You think that it might be a good idea to start by looking at how the survey questions were designed.  The way questions are asked can
greatly influence the outcome of a survey.  

>There's a whole science behind asking questions in surveys.  Too much to write about here.  

Here is the actual survey that was used: 

![](https://raw.githubusercontent.com/davew-msft/PrescriptiveAnalytics/sparkconf/slides/survey.png)

OK.  That's a pretty simple survey.  You also find out that the folks conducting the survey were guessing at the **age range** of the
respondents and capturing that information as well.  That's great!  

### Possible Issues

Your _Design Thinking_ team uncovers some _possible_ issues with this survey _experiment_.  And we build our hypotheses **before 
looking at the data**.  

* There _might_ be **sampling bias**.  You could make the case that the survey is biased towards store customers that are social
media users and that might not be reflective of all customers who visit the store.  CMO Sheila does *not* believe the survey was biased.  

You ask to see Sheila's data and she relunctantly provides it.  

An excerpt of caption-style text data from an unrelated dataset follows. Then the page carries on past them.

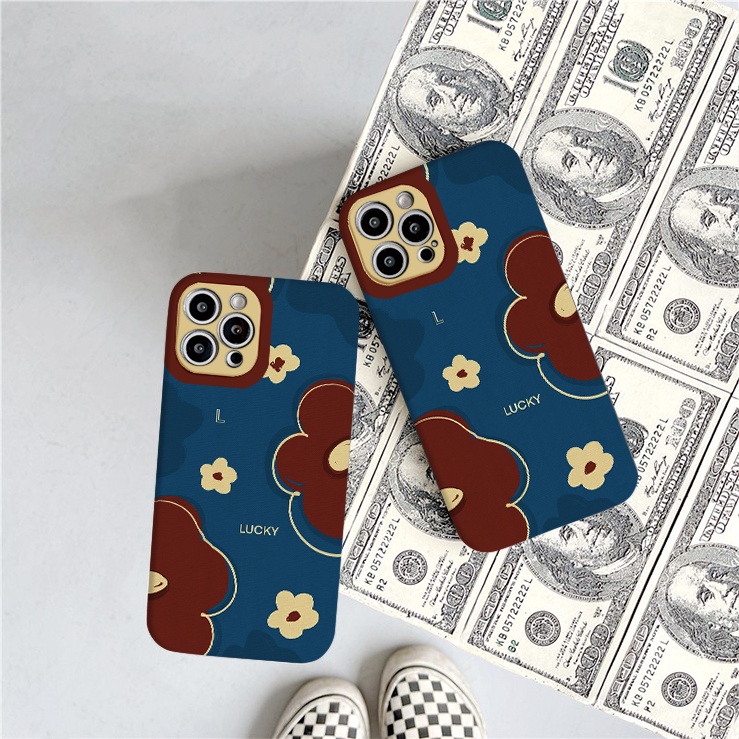 Ốp lưng iPhone XS Max vuông bảo vệ cam hoa Lucky ốp cho iphone 13 12 11 promax 6 6s 6plus 6splus 7 7plus 8 8plus
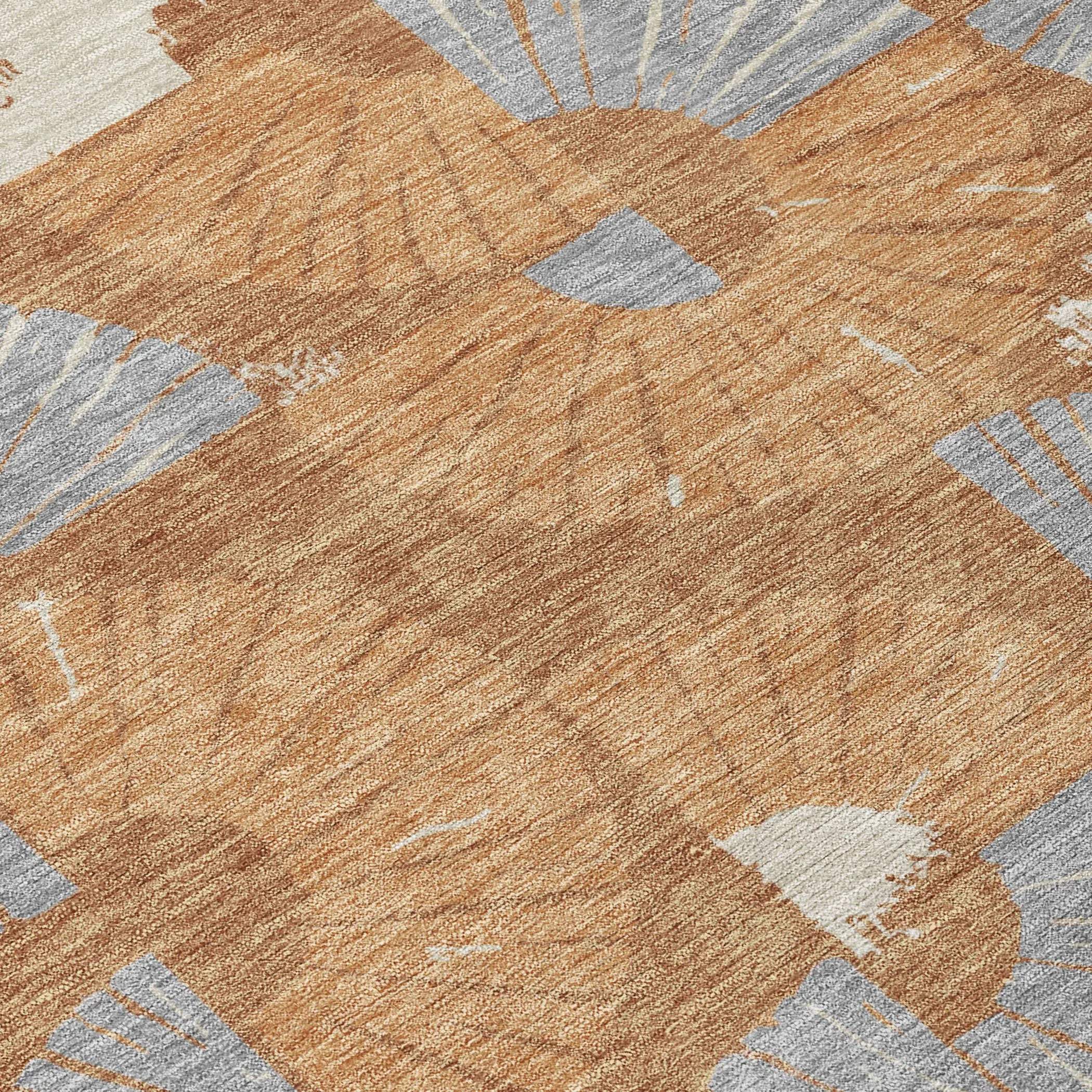 8' Orange And Copper Round Geometric Washable Indoor Outdoor Area Rug Homeroots Outdoor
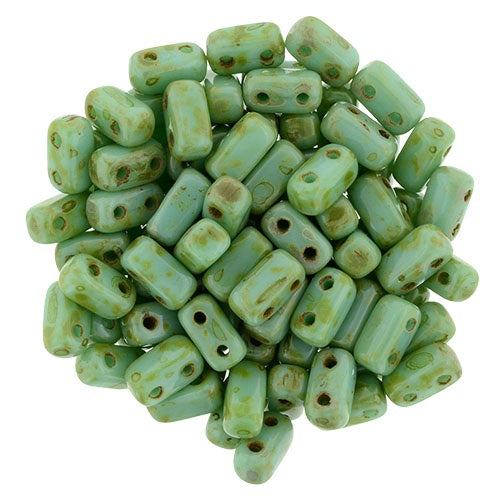 Czechmate 3 X 6mm Brick Czech Two Hole Glass Bead, Turquoise Picasso, 50 pieces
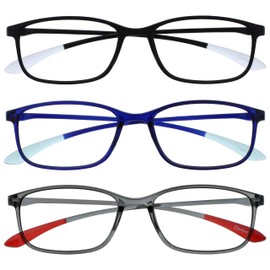 OPULIZE-Pack de 3 anteojos de lectura superligeros Ice negro azul gris mujer hombre RRR61137 +1.00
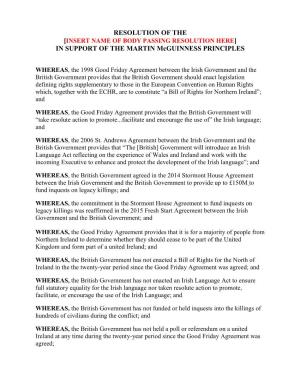 RESOLUTION of the in SUPPORT of the MARTIN Mcguinness PRINCIPLES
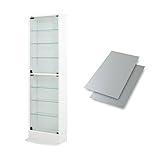 【福袋】【地球家具】コレクションラック「レギュラー」新シリーズセット 幅55cm 奥行19cm 【正規品】[鍵付きコレクションケース] [耐震]（開き戸 ハイタイプ本体+背面ミラー2枚セット） ホワイト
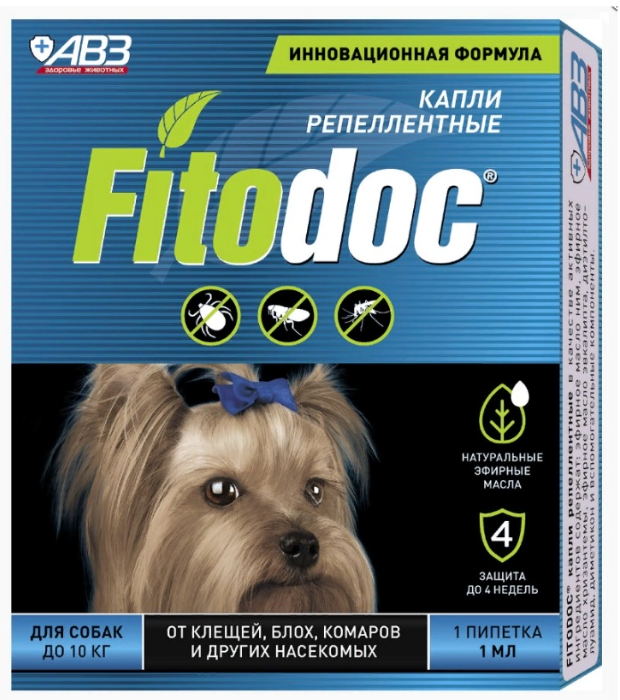 КАПЛИ "ФИТОДОК" РЕПЕЛЛЕНТНЫЕ Д/СОБАК ДО 10кг 5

## Exploratory Data Analytics

It's time to look at some data.  

In [2]:
## my standard spark template
## we also load a bunch of packages via requirements.txt

from pyspark.sql import SparkSession
from pyspark.sql.types import *
from pyspark.sql.functions import *


StatementMeta(SparkPool002, 6, 2, Finished, Available)

In [3]:

# This notebook uses synapse.  Make sure you run requirements.txt as part of the Spark cluster setup.  
# This notebook assumes you've done that


# vars
# https://davewdemodata.dfs.core.windows.net/lake/MarketingAnalytics/surveys.csv
# let's use a SAS token so this is reproducible for everyone
#

storageAccount='davewdemodata'
container='lake'
sasToken='sv=2020-10-02&st=2021-02-17T16%3A26%3A00Z&se=2030-02-18T16%3A26%3A00Z&sr=c&sp=rl&sig=UrdPIPkBQsgvD5pZhKn0KYL0Ziyb8zaXeeLw1fhA68s%3D'
lakepath='wasbs://{}@{}.blob.core.windows.net/MarketingAnalytics/surveys.csv'.format(container,storageAccount)

sc._jsc.hadoopConfiguration().set("fs.azure.sas.{0}.{1}.blob.core.windows.net".format(container,storageAccount), sasToken)

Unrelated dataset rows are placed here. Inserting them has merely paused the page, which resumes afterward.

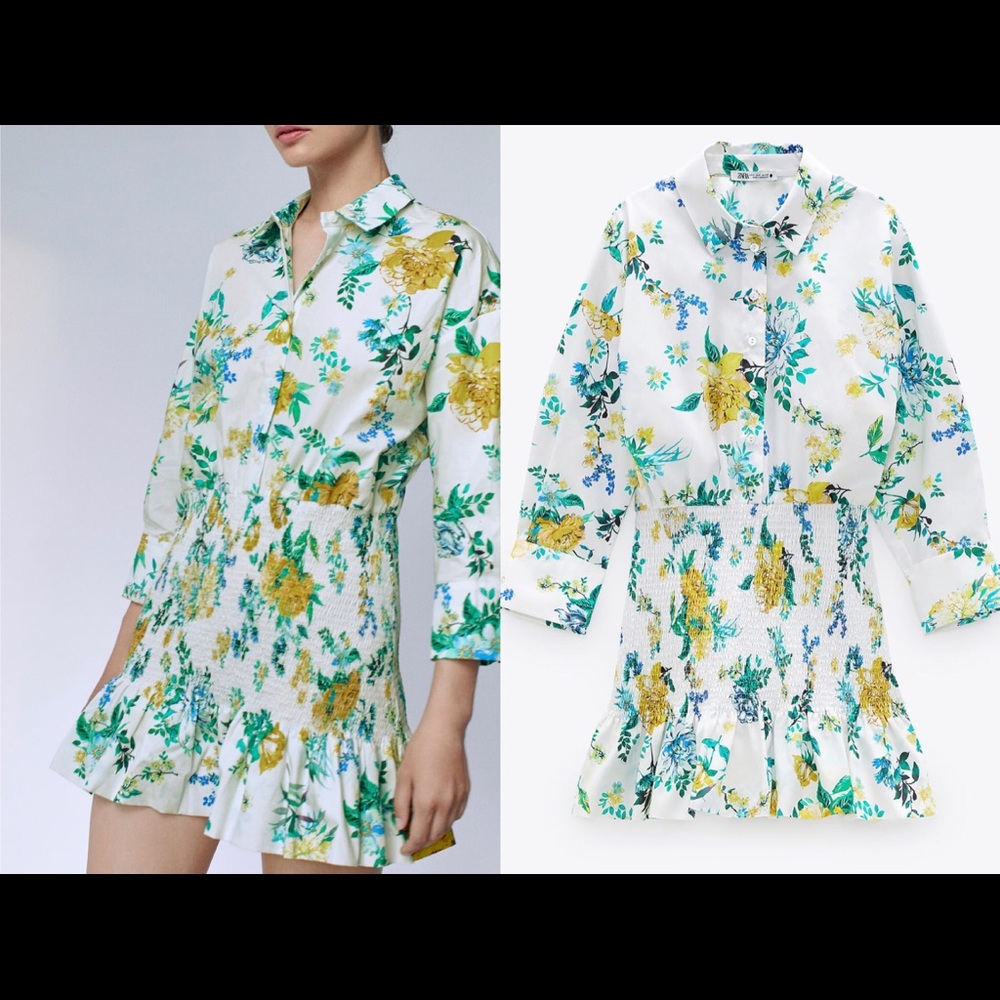 Zara printed mini dress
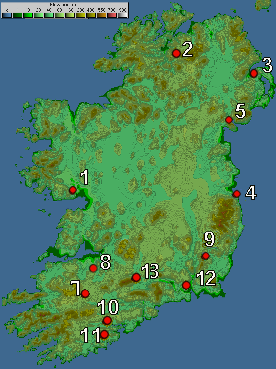 small map of Ireland with 70cm Voice Repeater sites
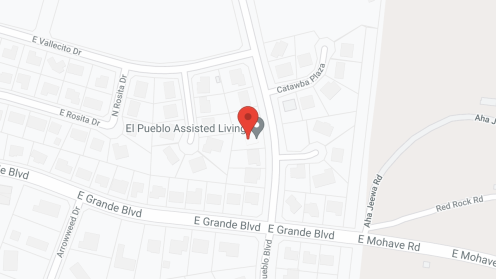 Map of the neighborhood around El Pueblo Assisted Living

StatementMeta(SparkPool002, 6, 3, Finished, Available)

In [4]:
## let's load up the file and take a look
dfSurvey = spark.read \
    .option('header','true') \
    .option('delimiter', ',') \
    .csv (lakepath)
display(dfSurvey.show(5))
dfSurvey.printSchema()
dfSurvey.registerTempTable("dfSurvey")

StatementMeta(SparkPool002, 6, 4, Finished, Available)

+----------------+---------+----------+-----------+--------------------+--------------+----------+
|SurveyResponseId|Responded|SurveyDate| SurveyTime|SocialMediaAwareness|SocMedProperty|AgeBracket|
+----------------+---------+----------+-----------+--------------------+--------------+----------+
|               1|    FALSE| 7/14/2020| 9:13:00 AM|                null|          null|      null|
|               2|    FALSE| 7/14/2020|10:13:00 AM|                null|          null|      null|
|               3|    FALSE| 7/14/2020|11:13:00 AM|                null|          null|      null|
|               4|    FALSE| 7/14/2020|12:13:00 PM|                null|          null|      null|
|               5|    FALSE| 7/14/2020| 1:13:00 PM|                null|          null|      null|
+----------------+---------+----------+-----------+--------------------+--------------+----------+
only showing top 5 rows

root
 |-- SurveyResponseId: string (nullable = true)
 |-- Responded: string (nullabl

In [5]:
## start with summary to do Basic EDA (Exploratory Data Analytics)
display (dfSurvey.summary())

StatementMeta(SparkPool002, 6, 5, Finished, Available)

SynapseWidget(Synapse.DataFrame, f26e3799-3bb8-41bf-a8c9-7262b050c7ac)

### Interpretation

![](https://raw.githubusercontent.com/davew-msft/PrescriptiveAnalytics/sparkconf/slides/results01.png)

* 363 rows:  this is the total number of surveys.  Is this enough?  
* ...but it looks like `Responded` is TRUE/FALSE.  After discussing you learn that there were 363 _attempts_ to get a survey answered
* it looks like there is only one `SurveyDate`...that's weird.  

Let's dig in with a little SQL


## Basic Exploratory Data Analysis

In [6]:
%%sql 

--number responded vs not
--a pie chart might be a good visual here
SELECT Responded, count(*) Count
from dfSurvey
group by Responded

StatementMeta(SparkPool002, 6, 6, Finished, Available)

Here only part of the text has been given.